# SKP 2000 problem



## twidpa (Apr 13, 2009)

I have an older shakespeare SKP 2000 that I want to use for catfish. The crank seems to not engage all the time. I have not spent much time inside baitcasters but I took it apart and could find no broken parts. I noticed if you turn the brake in and hold the reel with crank pointed up, it disengages the spool. It seems the spool can be moved so far to the left that it backs off the gears. I put a small shim on the left side of the spool and it helped but I wonder if there is a better repair or is this a common problem with this reel?
T


----------



## rattler (Jul 3, 2004)

Can you get the blowup from their site? Sounds like shims missing somewhere.


----------



## twidpa (Apr 13, 2009)

rattler said:


> Can you get the blowup from their site? Sounds like shims missing somewhere.

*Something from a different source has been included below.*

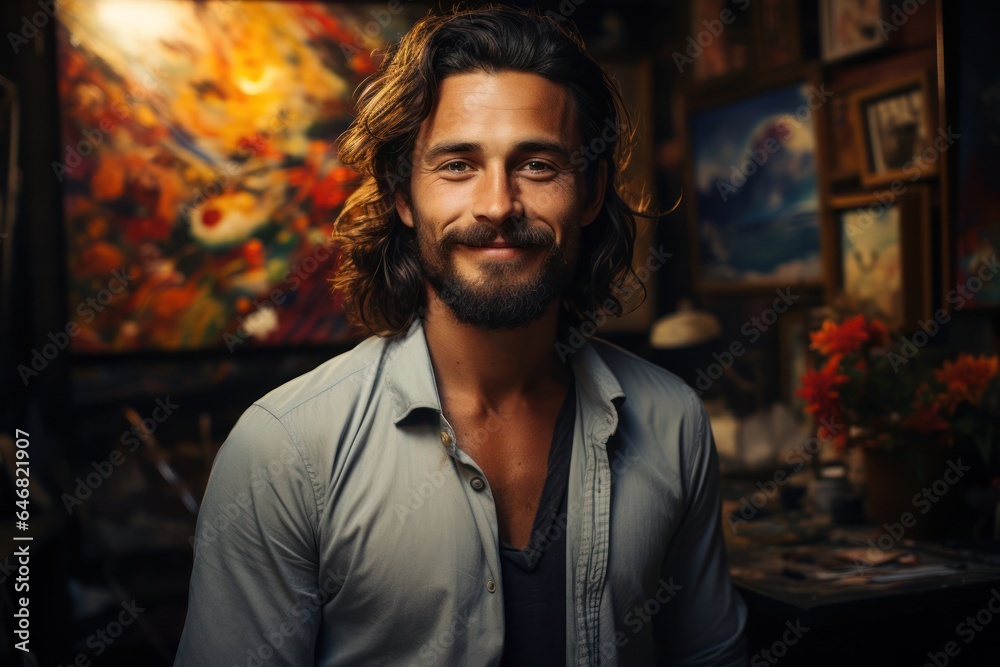 Fototapeta premium Caucasian Man Artist Backdrop Scene Charming Generative AI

I looked around and could not find a manual for free. It is working now so maybe a shim is all it needed.
T


----------



## rattler (Jul 3, 2004)

Any time you take a reel apart, you need a system to get it back together. Get a sewing thread holder. looks like a tackle trey. Has worked for me for 30 years. You still need to remenber the orientation of the part. good luck.


----------



## RoryGoggin (Jan 6, 2005)

Mike's Reel Repair has schematics (click here) for yours. Offhand, I think you may have a worn spool shaft (order the spool assy - #13 on the schematic.) You may want to order a few other "consumables" at the same time.

And I use Egg Cartons to separate my parts.


----------



## twidpa (Apr 13, 2009)

RoryGoggin said:


> Mike's Reel Repair has schematics (click here) for yours. Offhand, I think you may have a worn spool shaft (order the spool assy - #13 on the schematic.) You may want to order a few other "consumables" at the same time.
> 
> And I use Egg Cartons to separate my parts.



Good info! I found out I have a SKP2000C instead.(the number is partially scraped off) 
Thanks very much.
T


----------